(Beginning of Source material)

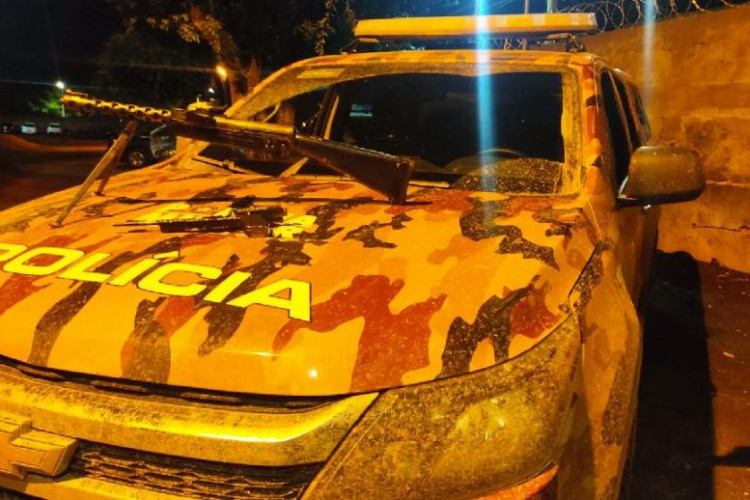 Patrulha Rural liberta caseiro sequestrado e prende quadrilha com metralhadora no interior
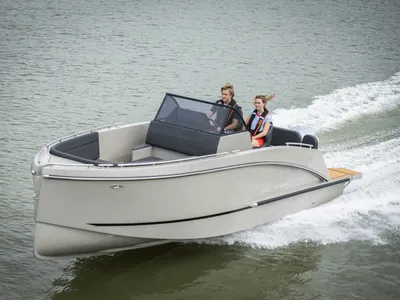 console boot varend met twee personen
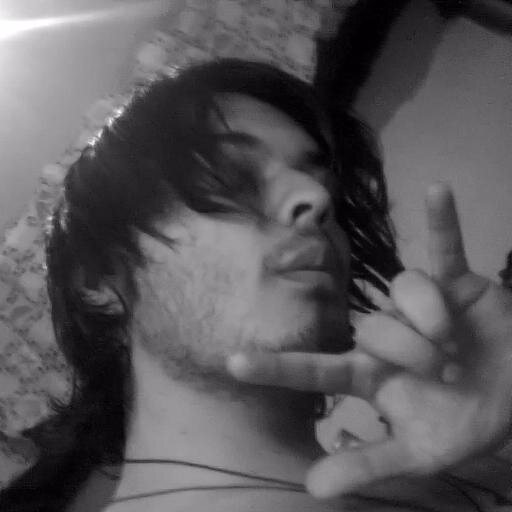 bajista en bola 10, apacionado al rock alternativo e indi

(End of Source material)

_Exercise_: Print out the whole listing word for word. Leave the pictures out.

_Solution for this task_:
 Patrulha Rural liberta caseiro sequestrado e prende quadrilha com metralhadora no interior
 console boot varend met twee personen
 bajista en bola 10, apacionado al rock alternativo e indi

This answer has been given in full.